Entre les roches encaissées, la montée commence. Me voici devant un premier porche surbaissé, d’un grand caractère, que commande ce large perron de dix marches, amorce des huit cents degrés qu’il faut gravir avant que d’accéder au point culminant. Dans un angle rentrant de la longue muraille grise couronnée par les créneaux délabrés, entre deux avancées criblées de meurtrières, s’ouvre cette baie quadrangulaire où trois hommes ne passeraient point de face. Un bandeau uni la domine et encore deux étages de meurtrières, sans préjudice des corniches en surplomb. J’entre, et, ravivé par la fraîcheur de ce réduit obscur, je m’arrête un instant, lâche devant la montée à découvert. Il n’est pas sept heures du matin, mon thermomètre accuse trente degrés. Etanchant la sueur de mon front, je pense à ces obscurs soldats d’Angleterre et de France qui montèrent à l’assaut sous le feu des hommes et sous les rayons de ce soleil de l’Inde, certes aussi meurtrier. Dans la demi-obscurité du porche, sur les banquettes latérales, parmi les piliers en ruines, s’agitent des formes vagues, reptiles qui glissent dans la poudre, araignées efflanquées et boiteuses, lourdes sauterelles livides traînant leur ventre monstrueux avec une tarière en lame de sabre, et palpant les décombres avec leurs antennes longues d’un pied.

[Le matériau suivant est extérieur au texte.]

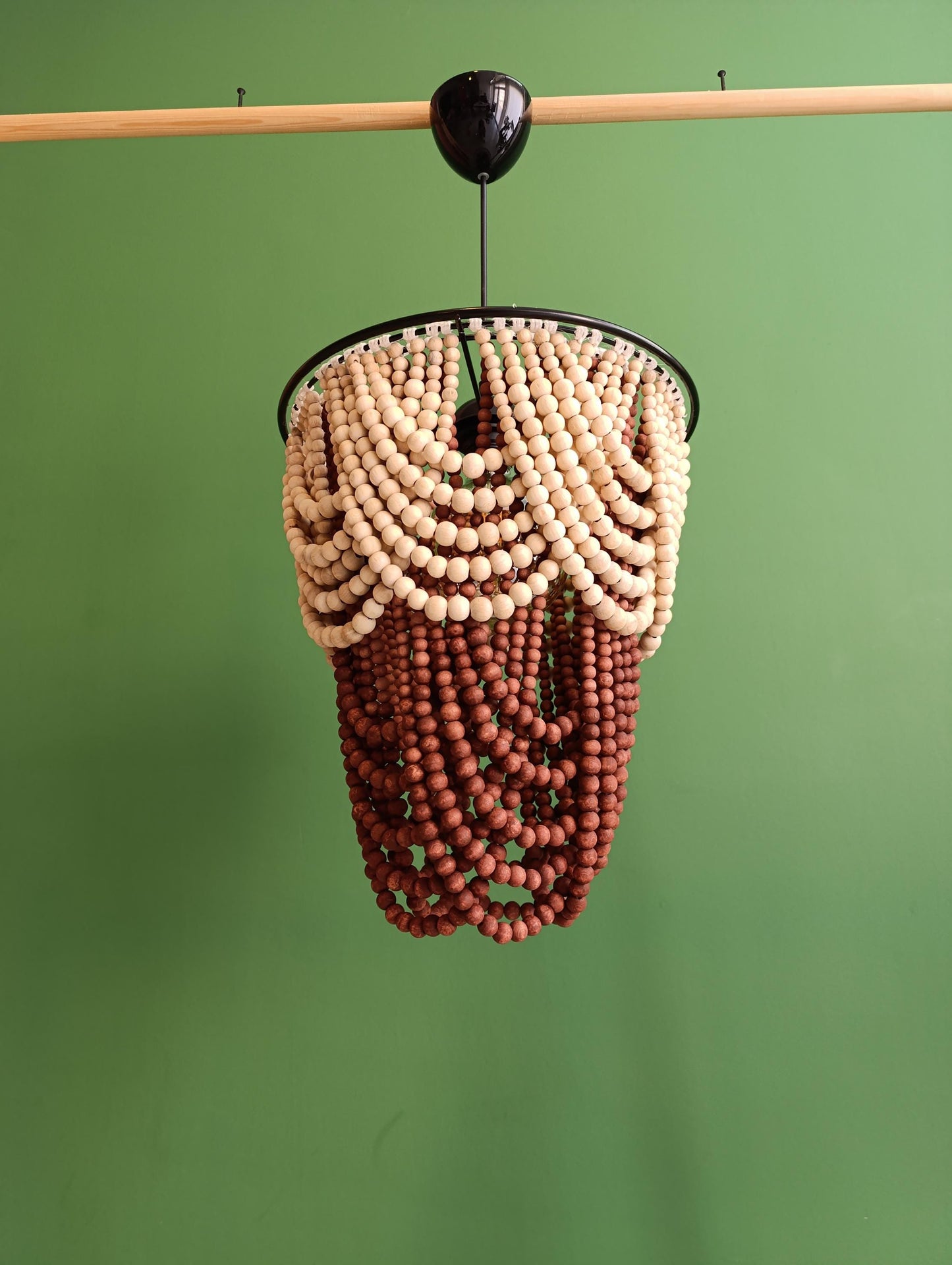 Beaded Chandelier, Beach House Lighting, Boho Pendant Light, Nursery Lampshade, Rustic Chandelier, Farmhouse Light, Modern Boho Lamp,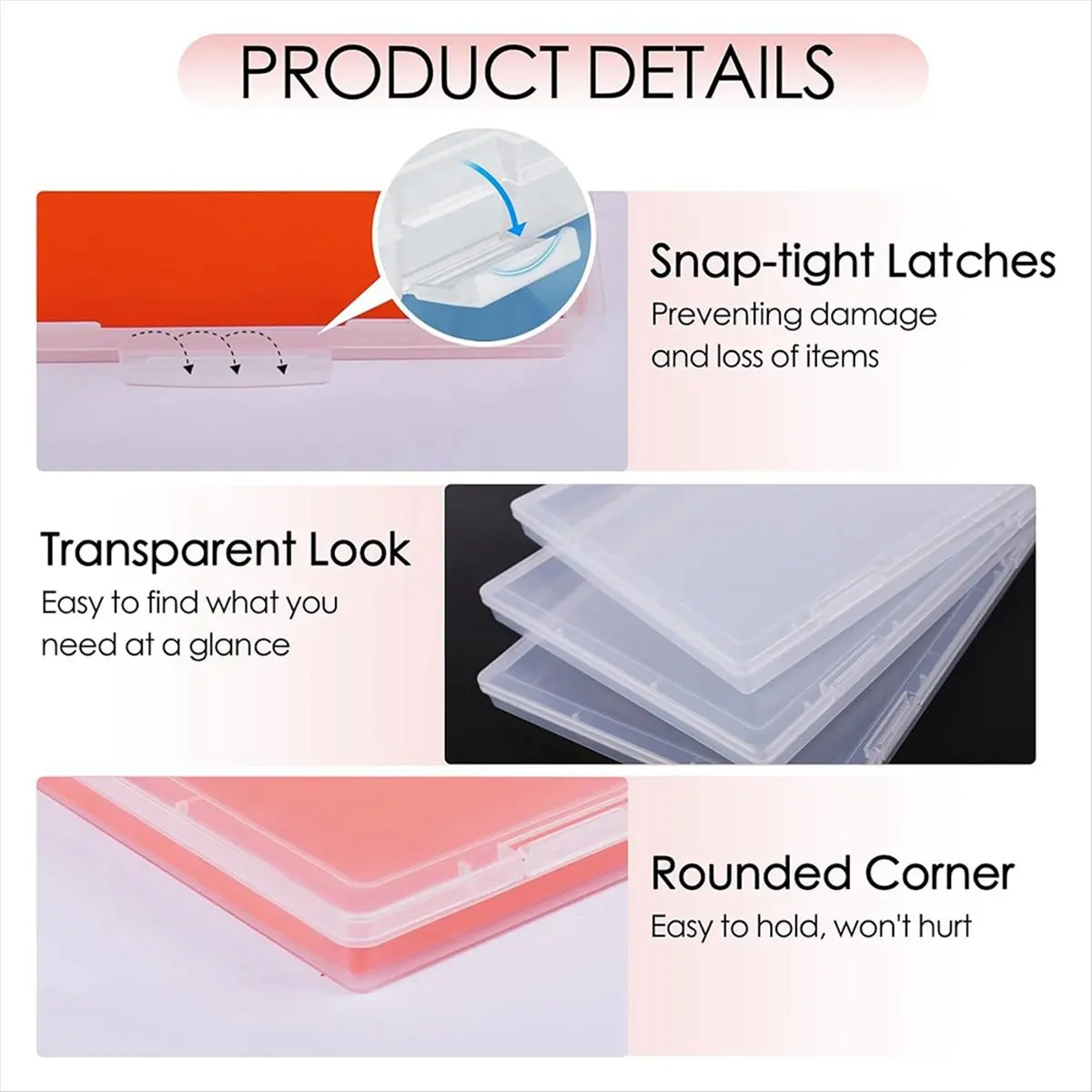 

Набор из 6 коробок для хранения фотографий NOCM, подходит для фото размером 8x10 дюймов, для хранения бумаги для скрапбукинга, с защелкивающейся крышкой, для защиты скрапбуков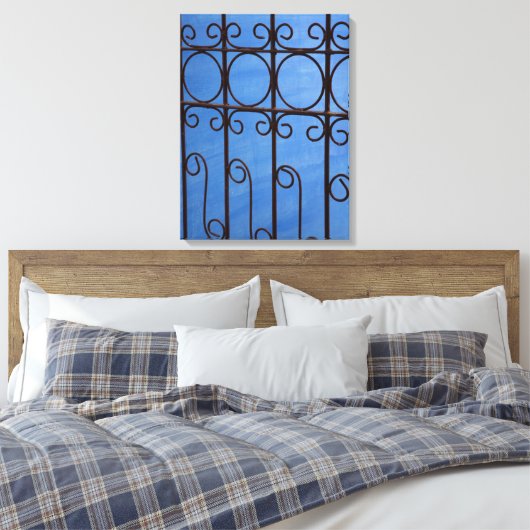 IJzerpoortpatroon in blauw, Cuba Canvas Afdruk (Insitu (Slaapkamer))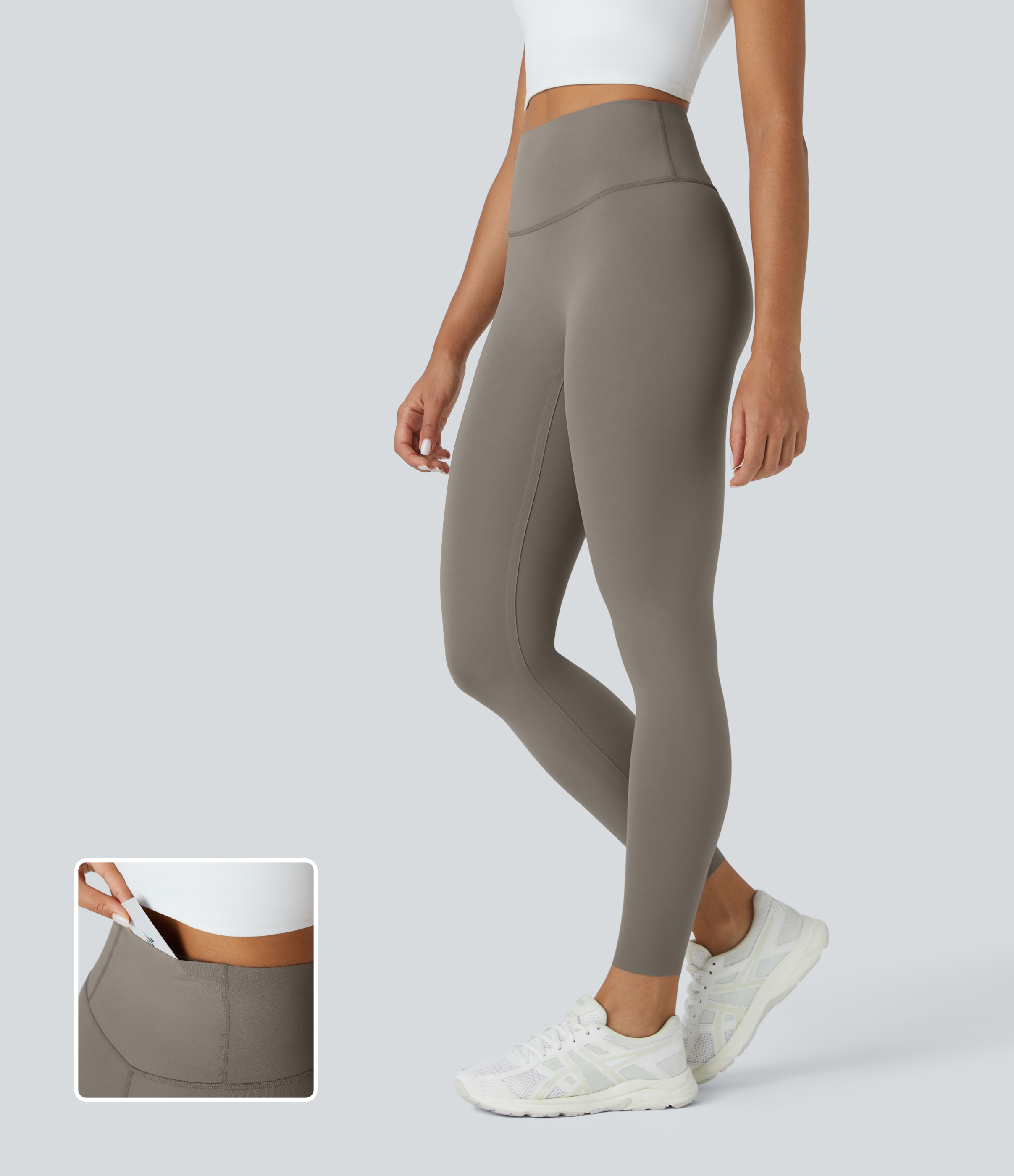 Halara High Waisted Back Waistband Pocket 7/8 Yoga Leggings  - Brindle - XS gym leggings leggings with pockets leggings with butt lift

L’heure passe. Je dois recommencer de monter, en plein soleil. Autour de moi, les roches s’échauffent, l’air paraît vibrer, pas un souffle de brise n’agite les brindilles flétries. Les blocs de gneiss s’entassent, se superposent, le chaos de granit menace les degrés glissans, et l’ouvrage de l’homme est si grossier, par places, que la pierre taillée a moins de régularité que le roc.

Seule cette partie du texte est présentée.